Toute fiction, au fond, est un univers parallèle. Certaines fictions sont, spécialement, des univers parallèles, qui dans le meilleur des cas feraient douter de celui-ci. J’ai toujours eu le goût des histoires de réalités alternatives, depuis un choc initial, Le Maître du haut château de Philip K. Dick, qui ouvrait une fenêtre sur un monde entièrement recomposé après avoir bifurqué à un moment donné (en l’occurrence : la Seconde Guerre mondiale a été gagnée par l’Axe Allemagne/Japon, finalement). Ou bien ou bien, comme disait le fameux acteur hollywoodien Kirk Gaard.

Et depuis je fais mes choux gras de Fringe, d’À la croisée des mondes, et autres What if de Marvel, mais aussi d’expériences narratives qui relèvent de ce même postulat quantique sans être pour autant étiquetées SF : Smoking/No smokingLe Hasard, et même Jean-Philippe.

Or voici. J’imagine un univers parallèle où j’annonce en fanfare, aujourd’hui même et sur ce blog, la parution prochaine de mon prochain livre, intitulé Fatale spirale, qui sera en outre ma troisième collaboration avec Jean-Pierre Blanpain. J’en ai eu l’idée cet hiver, je l’ai confiée à JPB qui, enthousiaste comme d’habitude, a bossé comme un fou, a multiplié idées et croquis, jusqu’à se faire une idée précise de la future apparence du livre.

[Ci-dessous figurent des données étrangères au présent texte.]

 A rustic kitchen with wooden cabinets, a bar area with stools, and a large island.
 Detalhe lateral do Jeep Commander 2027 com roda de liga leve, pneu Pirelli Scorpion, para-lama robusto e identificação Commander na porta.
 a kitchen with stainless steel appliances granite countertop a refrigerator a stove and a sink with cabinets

Dans ce « monde miroir » nous nous excitons le bourrichon, je trépigne d’impatience dans l’attente de ce qui sera, à nouveau, le plus beau livre du monde.

Sauf que non.

Nous sommes dans cet univers-ci, où un éditeur a certes accepté mon texte, mais a blackboulé les illustrations de Jean-Pierre. J’annonce donc aujourd’hui, sur ce blog et en fanfare, que Fatale Spirale, mon prochain livre, paraîtra en janvier prochain. L’illustrateur s’appelle Jean-Baptiste Bourgois. Je ne sais rien de lui sinon qu’il a énormément de talent. Conséquence : dans ce monde aussi bien que dans l’autre, je trépigne d’impatience dans l’attente de ce qui sera, à nouveau, le plus beau livre du monde.

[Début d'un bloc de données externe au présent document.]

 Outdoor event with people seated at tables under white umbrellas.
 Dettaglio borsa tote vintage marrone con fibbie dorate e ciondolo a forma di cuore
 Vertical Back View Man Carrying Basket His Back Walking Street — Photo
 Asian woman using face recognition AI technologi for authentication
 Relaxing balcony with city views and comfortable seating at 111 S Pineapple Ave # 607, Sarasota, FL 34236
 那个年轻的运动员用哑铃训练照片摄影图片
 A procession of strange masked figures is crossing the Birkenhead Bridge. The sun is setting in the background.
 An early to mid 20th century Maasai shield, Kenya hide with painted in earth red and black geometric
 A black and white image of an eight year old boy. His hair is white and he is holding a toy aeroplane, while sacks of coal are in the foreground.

Mais tout de même, je me demanderai toujours ce qu’aurait été ce livre, eût-il été enluminé par le Blanpain… En guise de lucarne sur un autre univers : ci-dessus, l’illustration que Jean-Pierre envisageait pour ouvrir le livre, avec une variation sur le thème de l’effet papillon. Et la phrase initiale du texte : Nous en sommes là.